After working for a staffing and recruiting agency for nearly 6 years, I’ve seen my share of poorly written, badly formatted, and self-destructing resumes. Many job seekers have shot themselves in the foot for making simple and basic mistakes. As I’m sure you’ve heard and read time and time again, your resume is a marketing tool to promote yourself. It’s evident to hiring managers how much time and effort you’ve invested in this critical piece and the results speak for themselves. If you are an active and serious job seeker, you should check your resume today to avoid making damaging mistakes.

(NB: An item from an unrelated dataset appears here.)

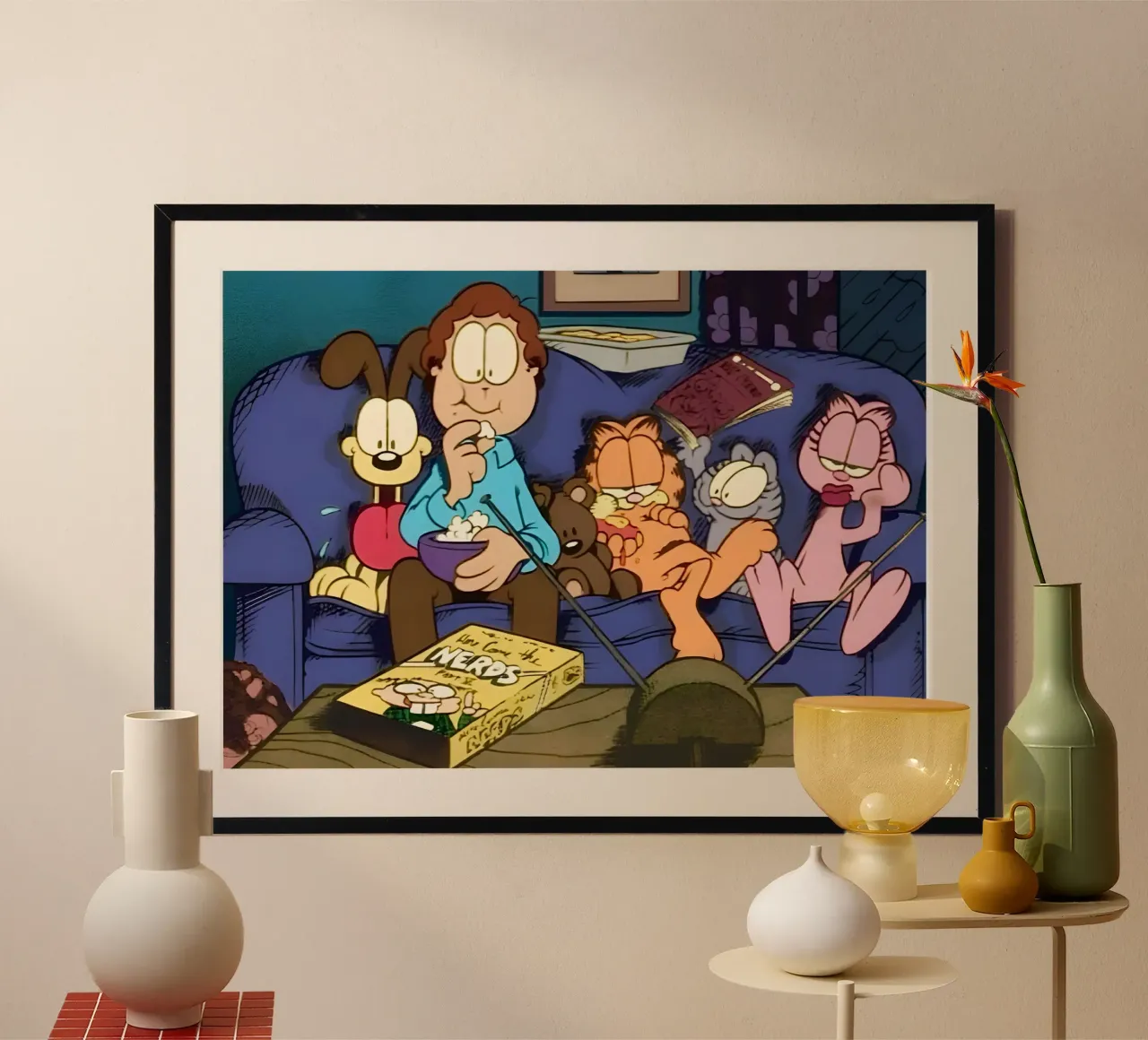 watching TV with Garfield poster con telaio in plastica da Low poly art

Self-promote, don’t self-serve. Your resume shouldn’t be about what you are
looking for in your next job opportunity, but instead how your skills and background
can fill a void at an organization. For example, don’t state in an objective that you
are looking to utilize your education and experience to grow within a company. This
is a very self-serving statement and doesn’t provide the hiring manager with insight
as to why they should hire you.
Check your email address. Your email address says a lot about you. Some
addresses reveal more than what a hiring manager would ever want to know. I’m
sure you want your friends and family to know you as hotmama166, but do you
want your future employer to know you that way? Create a new email address
specifically for your job search. When doing so, keep it simple and professional.
Don’t undersell yourself. Spend time thinking of all the tasks and responsibilities you
had at your previous jobs. It may be something you only did monthly, but that
experience could be relevant to a prospective employer.

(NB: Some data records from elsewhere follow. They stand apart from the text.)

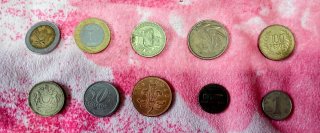 Lote 19 monedas de diferentes países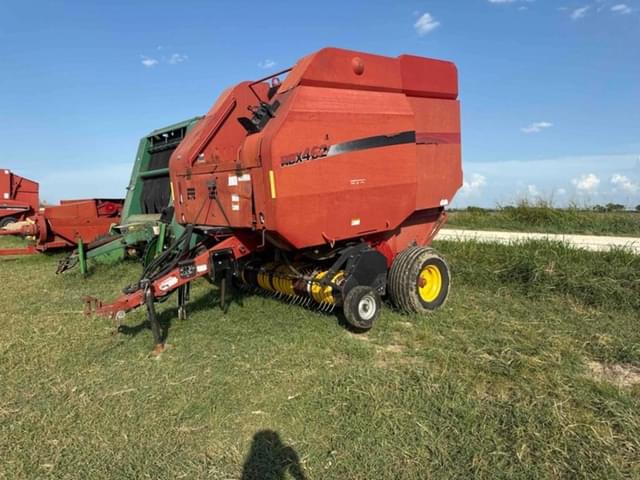 Image of Case IH RBX462 equipment image 4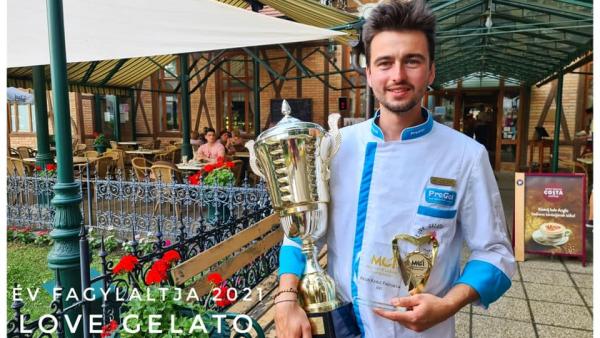 Fehér Gergő fagylaltkészítő mester (Fotó: Cafe One Facebook-oldala)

Use action words. You can make any sentence pop by adding a power or action
word. For example you could state that you file documents or you could state you
accurately and systematically file confidential information.
Don’t include pictures or personal information. A guaranteed way to get your
resume tossed aside is if you include a picture with your resume. Even if your
picture is professional, which the majority of the ones I see are not, it shows a lack
of judgment on the job seekers behalf. Leave the pictures for your online profiles.

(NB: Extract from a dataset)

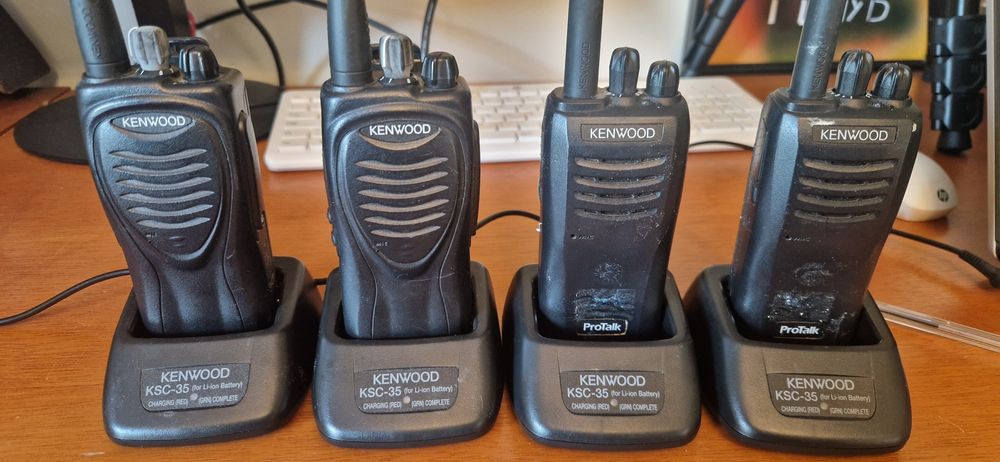 4 walkie talkies Kenwood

Also, do not include anywhere in your document your personal interests. Knowing
that you like to fish with your family has no relevance on your professional future
and may even cause an employer to negatively judge you.
Quantify your successes. Nothing stands out more than numbers. For instance,
which candidate would you choose; someone who states they have customer
service experience or someone with over 12 years of progressive growth in
customer service? If possible, try to back up your success with numbers. Here’s
another example; by researching and selecting a different paper vendor I saved the
company $450 per month.
Make sure to spend some time upgrading your resume. With the job market as competitive as it is, those who spend the time will be the ones who get results.